◆ Exercise requirements
The expected answer comprises all lines from the entries that contain the string "Saree".

▬▬▬

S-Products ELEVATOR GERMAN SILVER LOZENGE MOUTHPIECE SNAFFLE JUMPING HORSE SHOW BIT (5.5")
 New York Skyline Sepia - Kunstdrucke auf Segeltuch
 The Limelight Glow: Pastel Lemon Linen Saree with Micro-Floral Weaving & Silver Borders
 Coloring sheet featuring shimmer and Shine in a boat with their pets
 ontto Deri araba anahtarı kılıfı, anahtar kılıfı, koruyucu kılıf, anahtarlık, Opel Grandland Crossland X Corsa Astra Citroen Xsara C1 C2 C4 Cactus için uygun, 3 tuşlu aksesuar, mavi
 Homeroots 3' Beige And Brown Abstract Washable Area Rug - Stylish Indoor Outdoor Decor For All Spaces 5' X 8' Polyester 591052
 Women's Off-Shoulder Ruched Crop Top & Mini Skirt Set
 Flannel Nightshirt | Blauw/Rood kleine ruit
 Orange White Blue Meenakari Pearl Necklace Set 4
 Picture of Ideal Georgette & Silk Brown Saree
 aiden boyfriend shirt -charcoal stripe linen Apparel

▬▬▬

◆ Response
 The Limelight Glow: Pastel Lemon Linen Saree with Micro-Floral Weaving & Silver Borders
 Picture of Ideal Georgette & Silk Brown Saree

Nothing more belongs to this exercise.